▸ **INSTRUCTIONS FOR THE TASK**
Your answer must be the listing repeated word for word, without its pictures.

▸ **INPUT DATA**
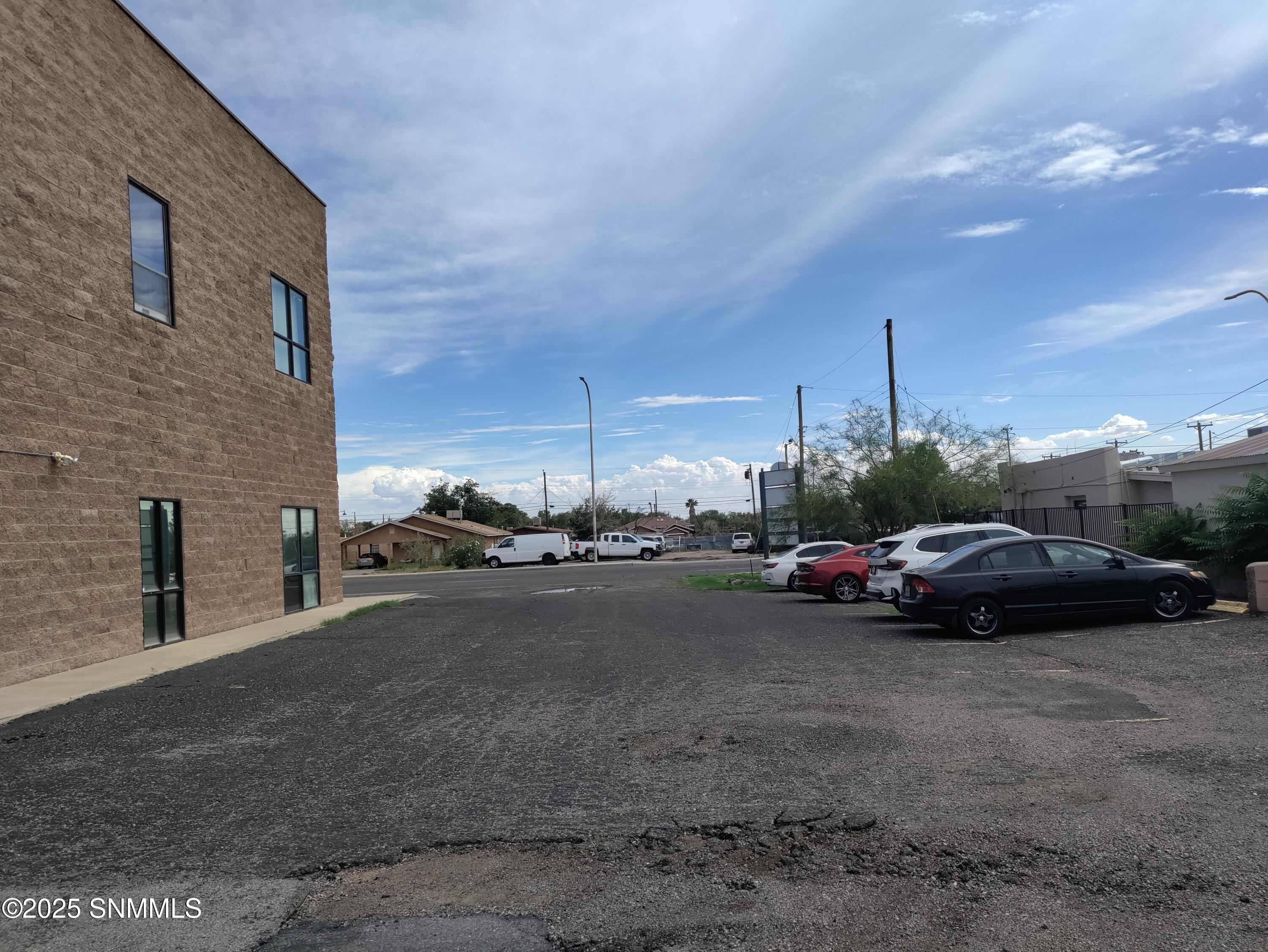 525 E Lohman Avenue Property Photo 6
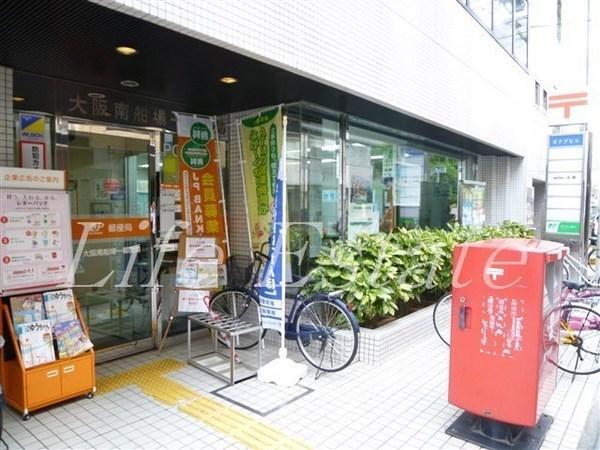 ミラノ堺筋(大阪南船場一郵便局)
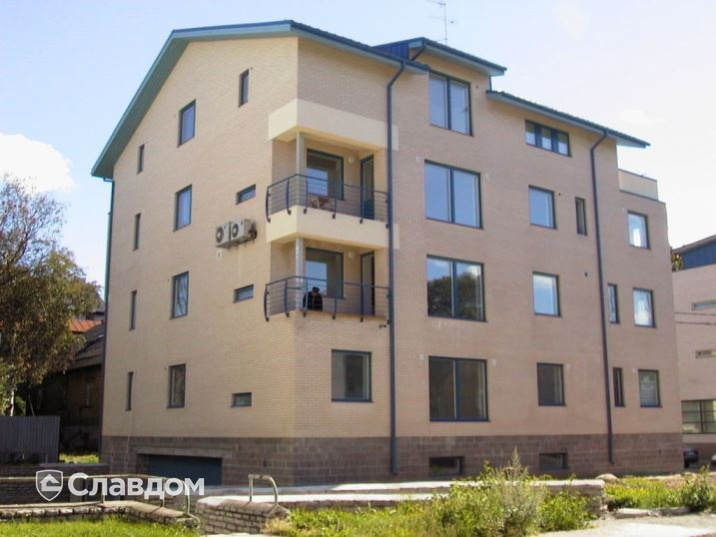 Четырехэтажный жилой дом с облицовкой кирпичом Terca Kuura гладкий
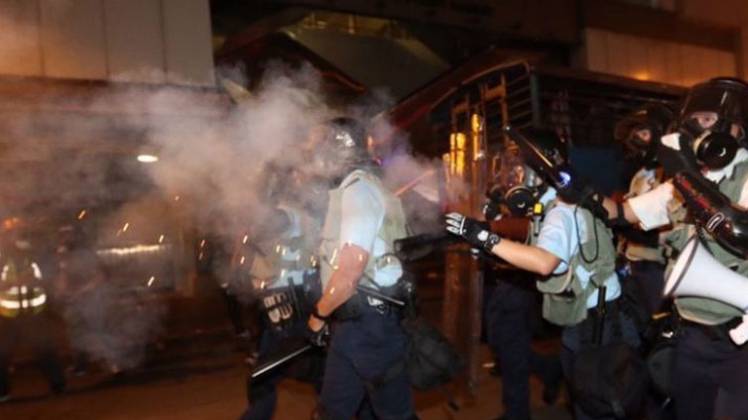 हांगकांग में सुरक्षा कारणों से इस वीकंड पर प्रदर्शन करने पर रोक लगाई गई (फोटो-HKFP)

▸ **PROBLEM SOLUTION**
 525 E Lohman Avenue Property Photo 6
 ミラノ堺筋(大阪南船場一郵便局)
 Четырехэтажный жилой дом с облицовкой кирпичом Terca Kuura гладкий
 हांगकांग में सुरक्षा कारणों से इस वीकंड पर प्रदर्शन करने पर रोक लगाई गई (फोटो-HKFP)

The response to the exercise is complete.